誠は眉根を寄せて腕を組み、ルカは丸くした目を瞬かせ、ライチはフォークにタレノ菜を刺して俯きながら考え込む。三人の周りの空気が重くなっていく中、クレイはふと視線を感じた。

正体は隣に座るナッツだった。クレイがまったく手をつけていない煮込みと、サラダを口に運ぼうとするクレイを交互に見比べている。その灰色の目には期待の念が宿り、まるで待てが解かれるのを待つ飼い犬のようだった。

「……好きなのか?」

ナッツは何も答えずに、首を上下させる。

「やろうか。あまり肉は食べないんだ」
「うんっ!!やった!」
「待て今聞き捨てならねー言葉が聞こえたぞ」

嫌がる素振りを一切見せず、クレイはサラダを咀嚼しながら煮込みをナッツの皿に移した。が、誠が早口で抑揚なく言い放ったので、二人して目を白黒させると動きが止まった。

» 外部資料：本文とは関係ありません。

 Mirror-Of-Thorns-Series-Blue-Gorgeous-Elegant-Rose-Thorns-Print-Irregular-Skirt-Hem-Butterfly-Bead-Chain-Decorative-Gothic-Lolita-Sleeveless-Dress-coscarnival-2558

「どうしたんだよ?マコト。……なんかおかしかったか?」
「てめえは話を聞いてたか!?おいクレイ……今何つった」
「……やろうか、あまり肉は食べないんだ、と……」
「それだ!!!」

鬼気迫る顔で、誠が机をぶっ叩いた。皿が一瞬宙に浮き、ライチとクレイの肩がびくりと跳ねた。ルカは当たり前のように食事を再開していた。

「絶対おかしいだろ!いかにも肉食べてますって体型してるじゃねーか!!」
「そうは言われても……家で肉を食べる習慣がなかったから、あまり進まないんだ。それに、体格は元々だ」

誠の言う通り、クレイの体格は並みの学生よりずっと逞しく、かつ長身だ。ローブを着ていても分かるほど肩幅は広く、手足は長いし大きい。男性なら一度は憧れるような、恵まれた身体をしていた。